In spite of its defects as literary criticism, Poe's review of Drake and Halleck was the most impressive he had yet written for the Messenger, and it was well received, except by some of his New York enemies.(30) He had now demonstrated that he could write “philosophical” criticism and make evaluations on the basis of principle instead of prejudice. His range was not to remain so narrow as it was in this review, and eventually he developed a better understanding of the cognitive potentialities of the poetic enterprise, but unfortunately he continued his journalistic practice of seeking a “lead” for each review. That is, he would pick out a single merit or defect attributed to an author by allegedly popular critical [page 158:] opinion and then focus his analysis upon this particular point. In only a few reviews do we find Poe broadening his approach. As a rule he is guilty of the charge Ronald S. Crane once levied against Cleanth Brooks — “critical monism.”

During the months to come, Poe failed to maintain even the relatively low level of “philosophical” criticism that he reached in this review. He soon reopened his campaign against New York by destroying a book by Colonel William L. Stone. Perhaps for this reason, among others, the confidence of his employer steadily declined. Poe had only eight more months to remain with the Messenger.


[[Footnotes]]

[The following footnotes appear at the bottom of page 135:]

1.  Works, VIII, 275-318.

[The following footnotes appear at the bottom of page 139:]

2.  For the Scottish rejection of metaphysics, see Chapter I, Section 2, of this book.

3.  Essays on Taste, 444. Alison was a close associate of Thomas Reid, one of the founders of the Scottish common-sense school; the Essays were dedicated to Reid.

[The following footnotes appear at the bottom of page 140:]

4.  Ibid., 457-58.

5.  Combe acknowledged the affiliation in the preface to his most popular work, The Constitution of Man; he claimed that his method of inquiry was essentially that of the Scottish philosophers.

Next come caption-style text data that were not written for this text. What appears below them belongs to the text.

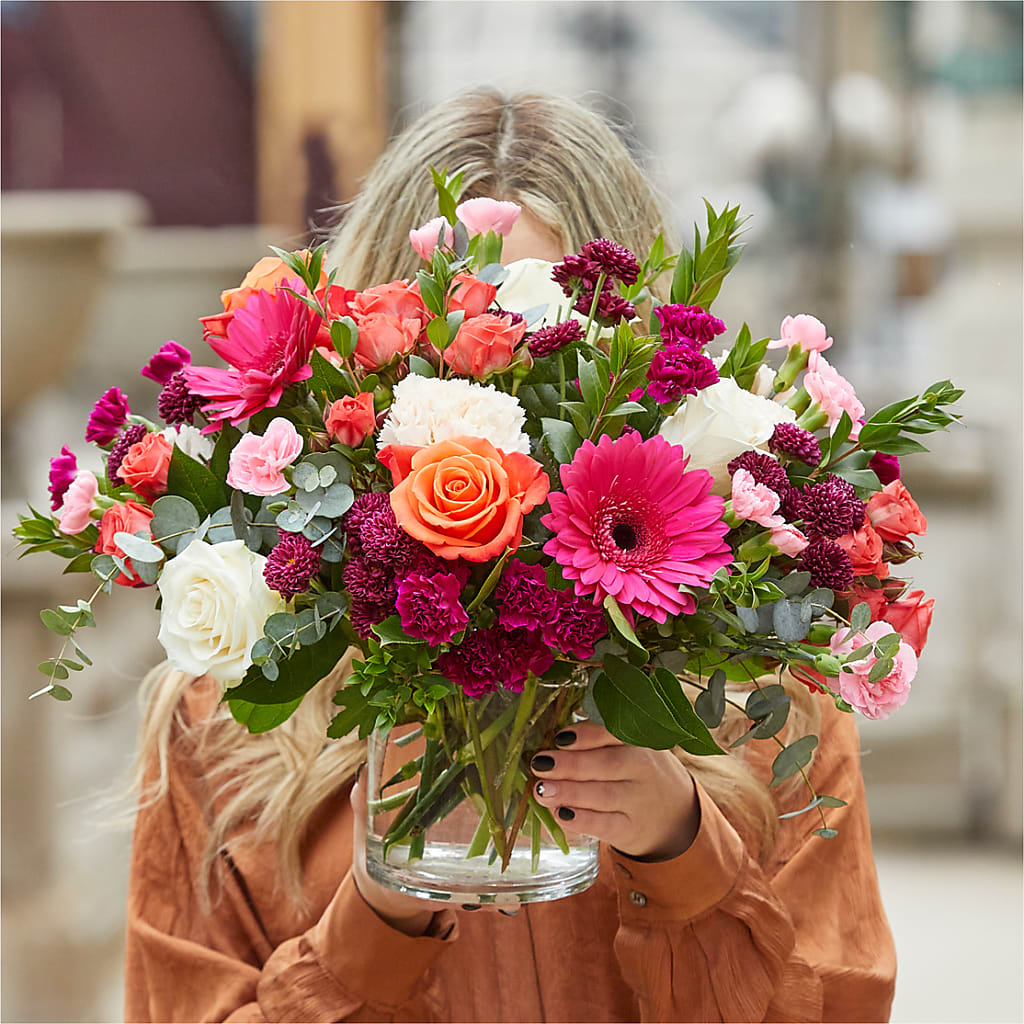 Smell the Roses Bouquet – MC SHANES FLORIST & GREENHOUSE INC, Belle Vernon PA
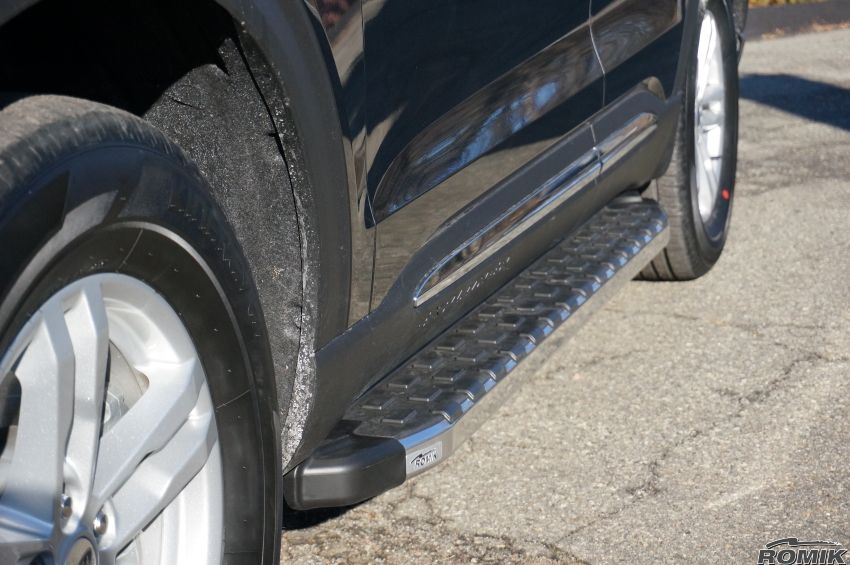 Product of Romik USA 52392418 REC Series Running Board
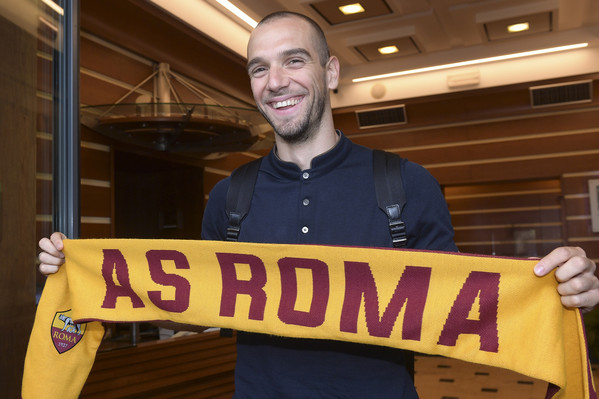 as-roma-larrivo-di-pau-lopez-allaeroporto-di-fiumicino-7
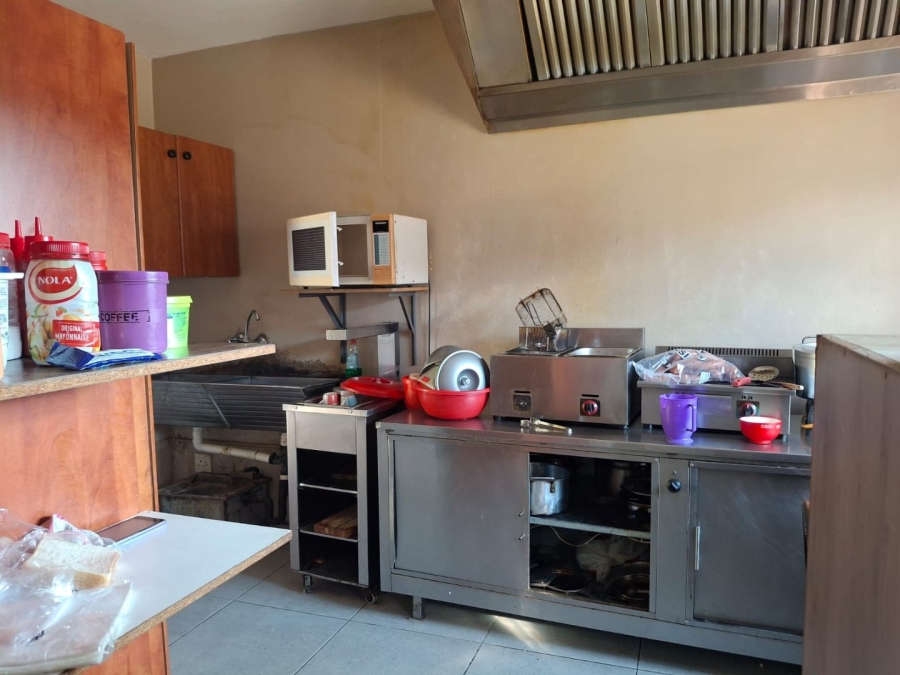  Bedroom Property for Sale in Uvongo Beach KwaZulu-Natal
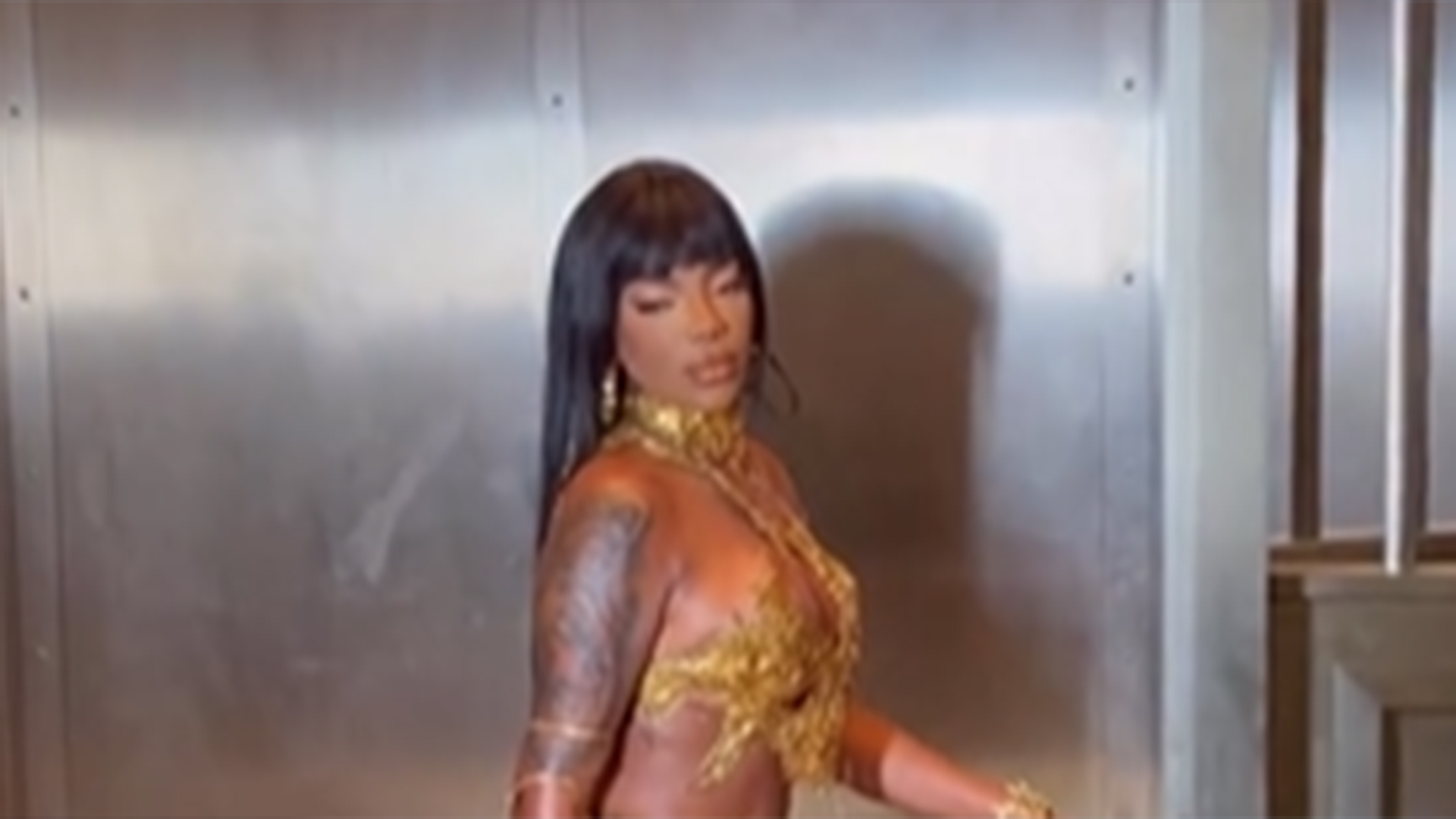 Ludmilla grava novo clipe com look mínimo e mostra os bastidores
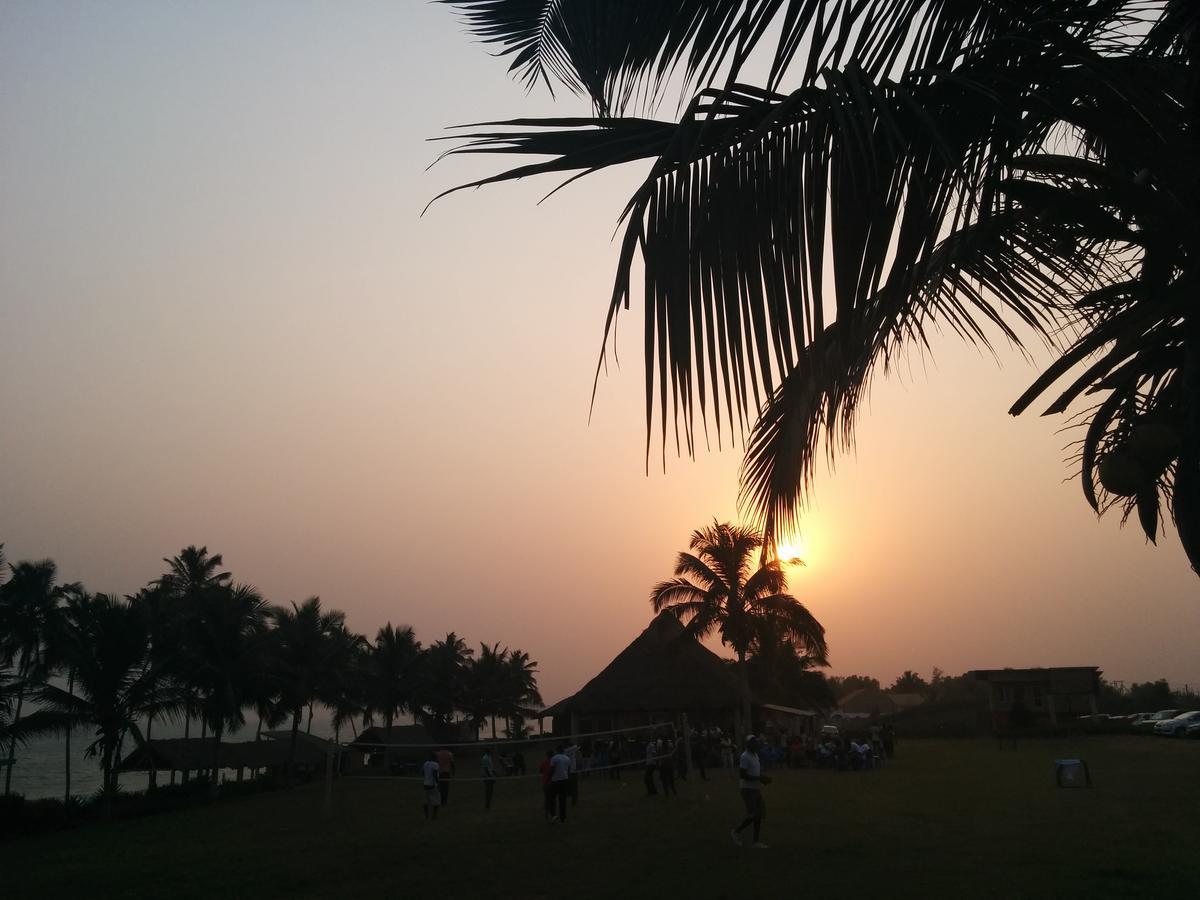 Sankofa Beach House Hotel Kokrobite ภายนอก รูปภาพ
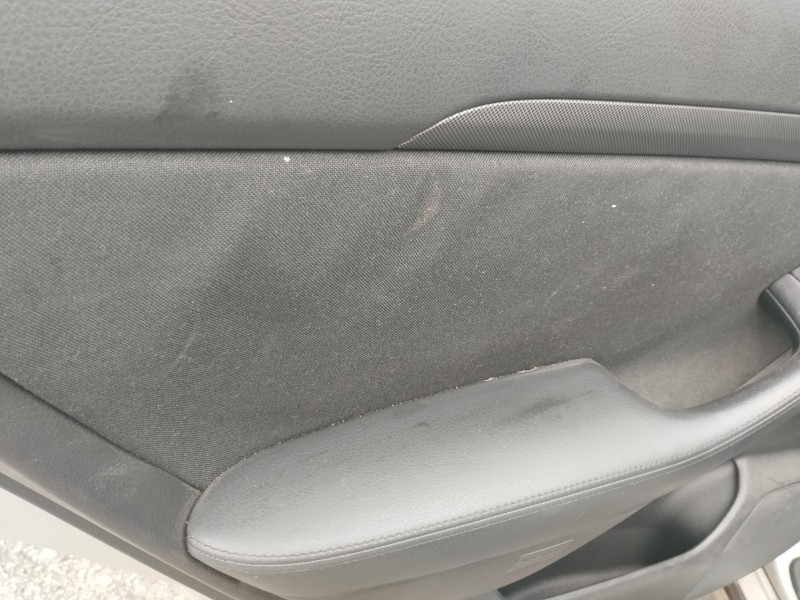 Recambio de guarnecido puerta trasera izquierda para toyota avensis berlina (t25) 2.2 d-4d cat referencia OEM IAM   
							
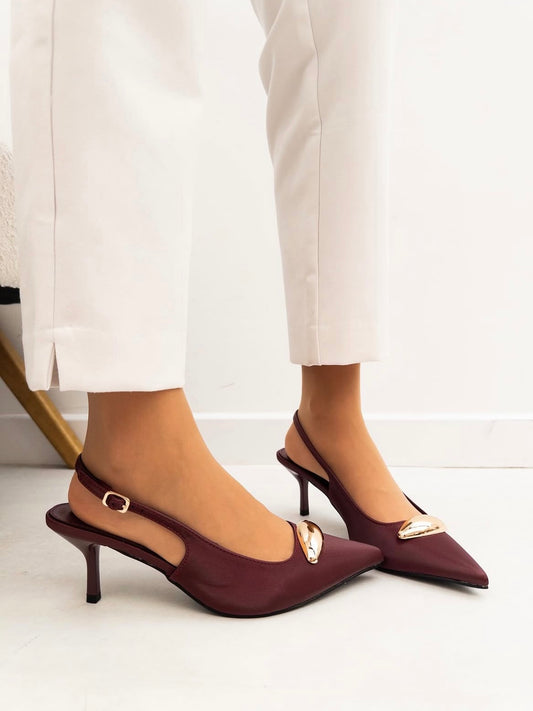 Tacones granate destalonados con detalle dorado | Trapio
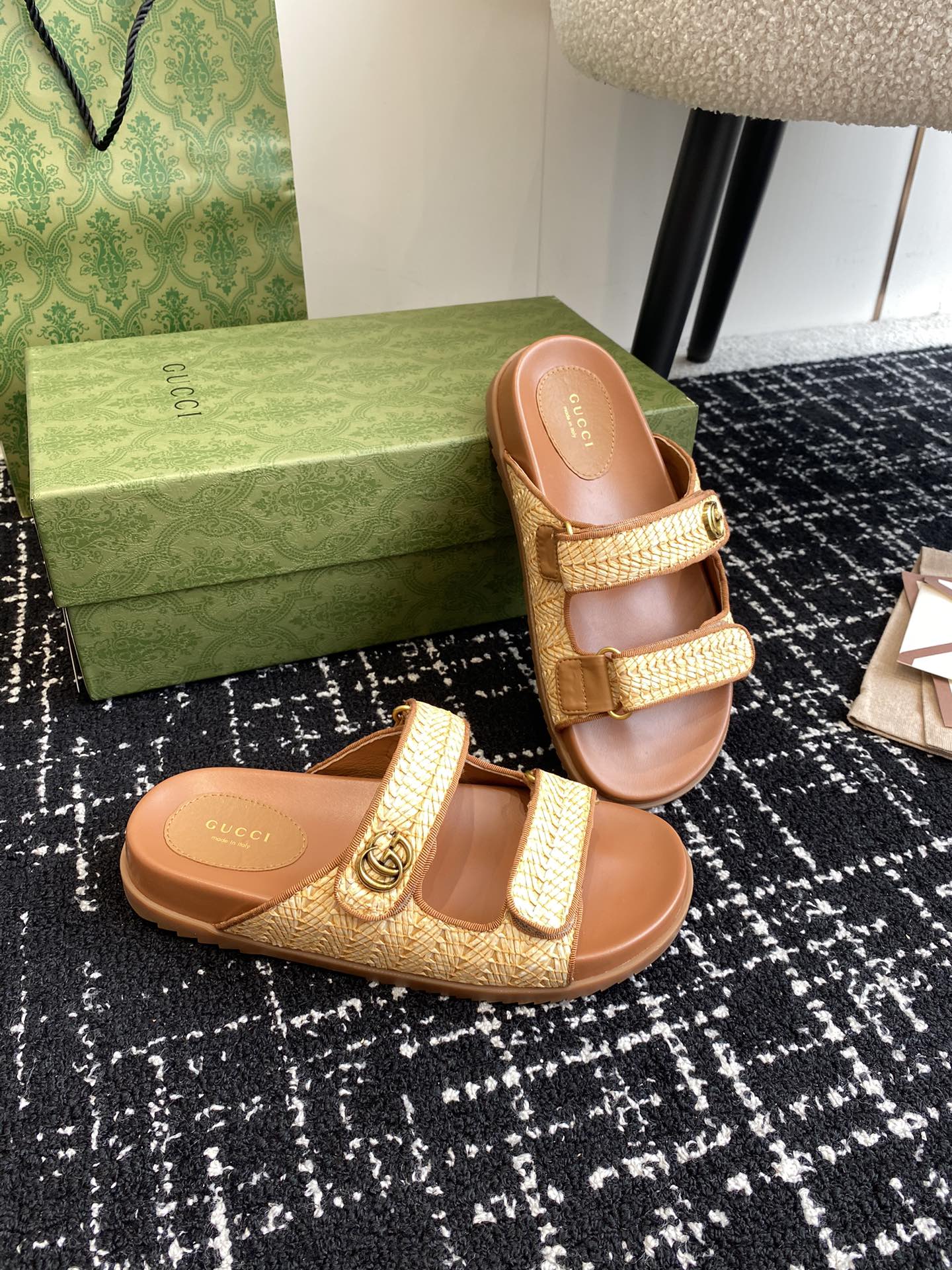 LuxluxHouse Best Quality Sandals Gucci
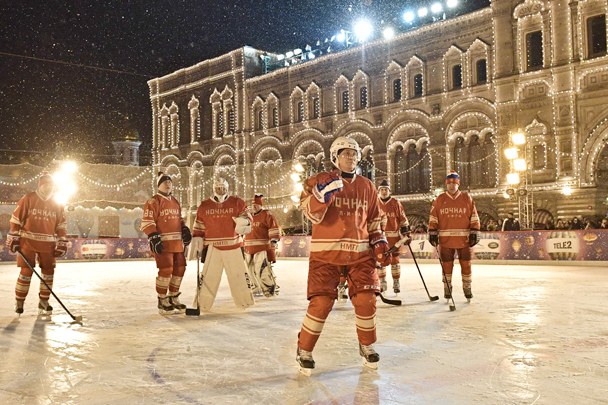 Матч прошел на катке на Красной площади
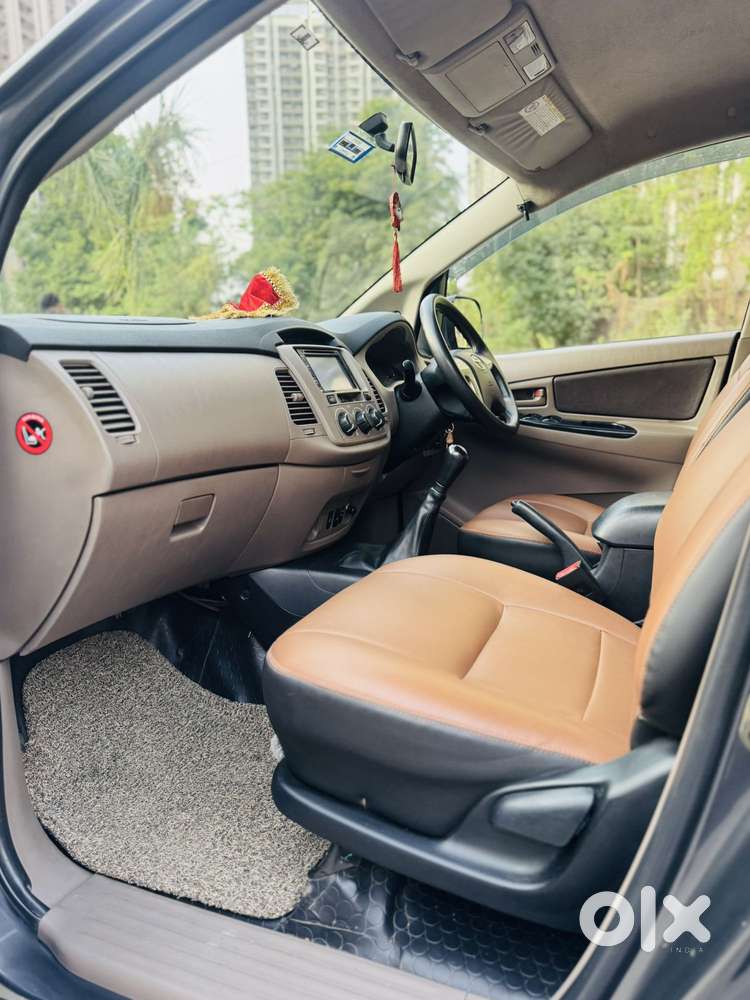 Toyota Innova 2.5 G (diesel) 8 Seater, 2015, Diesel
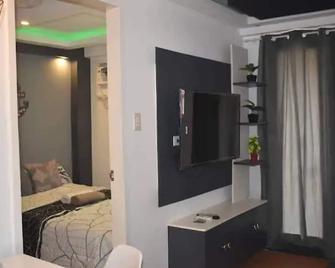 Quiet & Cozy 1br Condo Unit W/ Free Pool, Tv&wifi - Davao - Makuuhuone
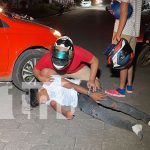 Joven lesionado al impactar en un costado de un vehículo en Juigalpa, Chontales Foto: Joven lesionado al impactar en un costado de un vehículo en Juigalpa, Chontales/TN8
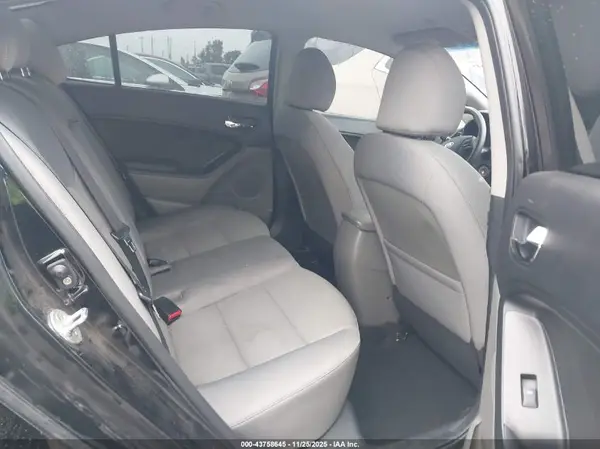 KNAFX4A63G5565062 2016 KIA FORTE - Image 8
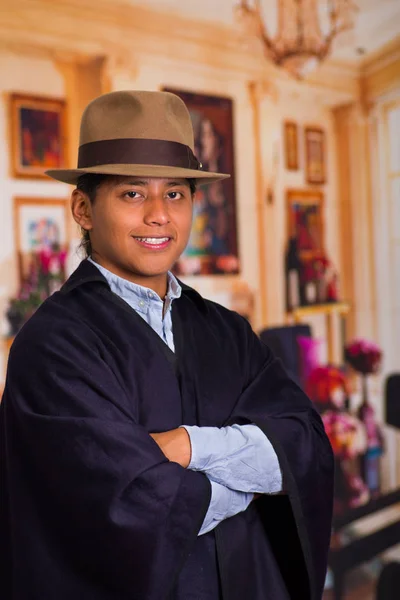 Крупним планом портрет юнак корінні носити традиційний одяг від нагір'я в Еквадорі — стокове фото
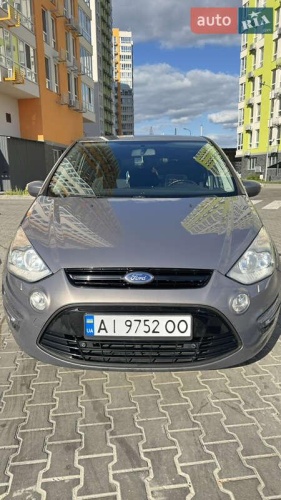 Ford S-Max 2012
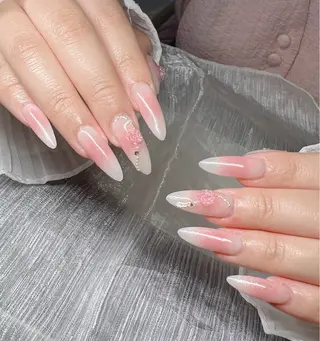 ネイル Lee Nailsのネイルデザイン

In reviewing Combe, the Knickerbocker pointed out that the findings of the “new science” resembled the “brilliant metaphysical discoveries of Hutcheson, and Reid, and Stewart.” Knickerbocker, I (1833), 316. The use of the term “metaphysical” in this quotation is likely to be confusing, for both the Scottish philosophers and the phrenologists strenuously opposed metaphysical speculation as such. The term, however, was frequently used in the sense of “psychological.” Poe exhibited this ambiguity in his reviews, praising “metaphysical” ability in one context but disparaging “metaphysical” speculation in another. For the hostility of the phrenologists toward metaphysical speculation, see David Bakan, “Phrenology Is Foolish?” Psychology Today, I (1968), 45-46.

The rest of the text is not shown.